Sevda Kılınç Çırakoğlu

Personal information
- Born: 25 May 1993 (age 33) Ankara, Turkey
- Education: Physical Education and Sport Burdur Mehmet Akif Ersoy University

Sport
- Country: Turkey
- Sport: Paralympic athletics
- Disability: Visual impairment
- Disability class: T12
- Event(s): 400m, 1500m
- Club: Yenimahalle Belediyesi Visual Impaireds SC

Medal record
Track and field
Representing Turkey
| Gold medal – first place | 2021 Bydgoszcz | 400m T12 |

= Sevda Kılınç Çırakoğlu =

Turkish Paralympic athlete

Sevda Kılınç Çırakoğlu (born 25 May 1993) is a Turkish female para athlete competing in the T12 disability class middle-distance events of 400m and 1500m.

==Private life==
Sevda Kılınç Çırakoğlu was born in Ankara, Turkey on 25 May 1993.
She studied Physical Education and Sport at Burdur Mehmet Akif Ersoy University.

==Sport career==
Kılınç Çırakoğlu is a member of Yenimahalle Belediyesi Visual Impaireds Sport Club in Ankara.

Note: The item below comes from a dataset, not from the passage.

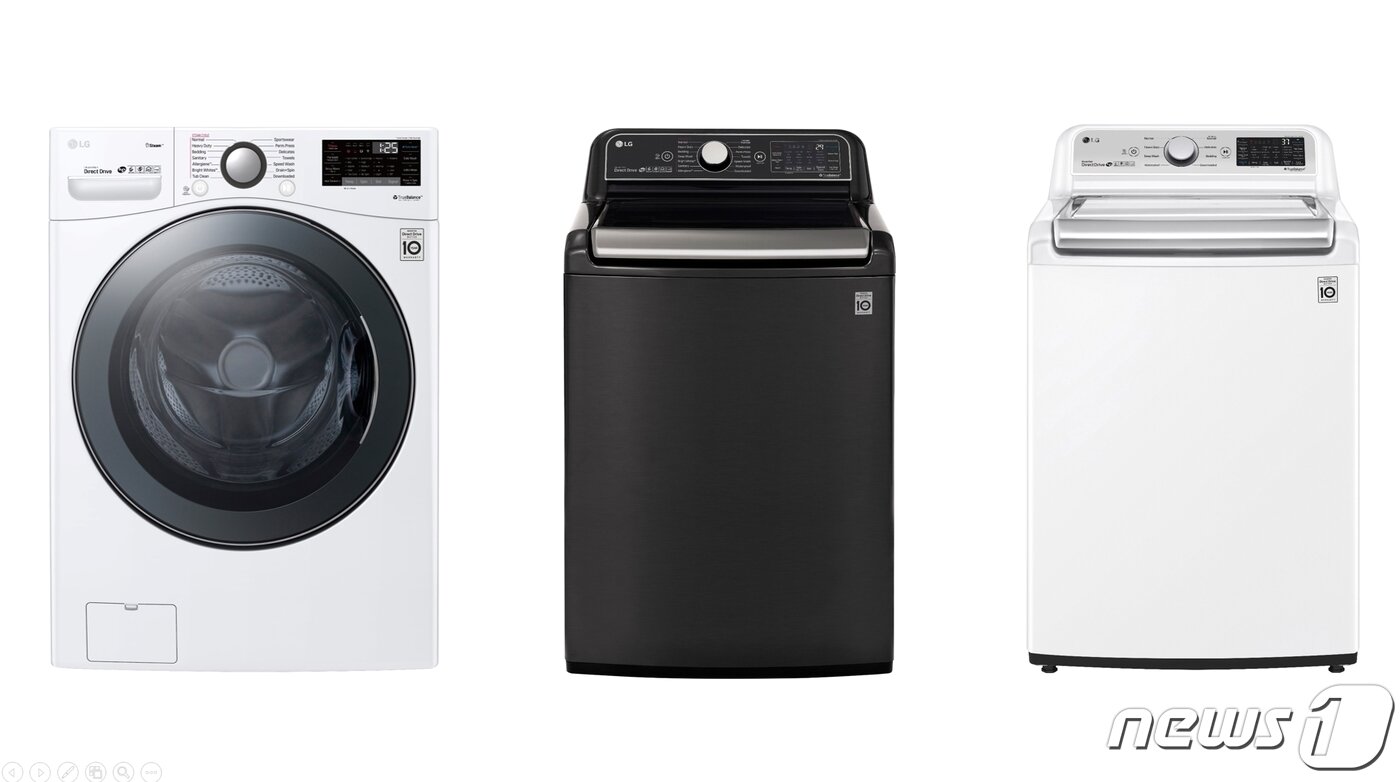 본문 이미지 - 미국 컨슈머리포트가 최근 발표한 '2021년 최고의 세탁기' 1위에 오른 LG전자 제품의 모습. 왼쪽부터 드럼, 통돌이, 봉돌이 방식의 세탁기.(LG전자 제공) ⓒ 뉴스1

She won the gold medal in the 1500m T12 event at the seventh leg of the 2019 IPC Para-Athletich World Grand Prix held in Tunisia. At the 2021 IPC Para-Athletics World Grand Prix in Dubaş, United Arab Emirates, she captured the gold medal in the 400m T12 event, and set a new Turkish national record with 59.16. She took the gold medal in the 400m T12 event of the 2021 World Para Athletics European Championships in Bydgoszcz, Poland.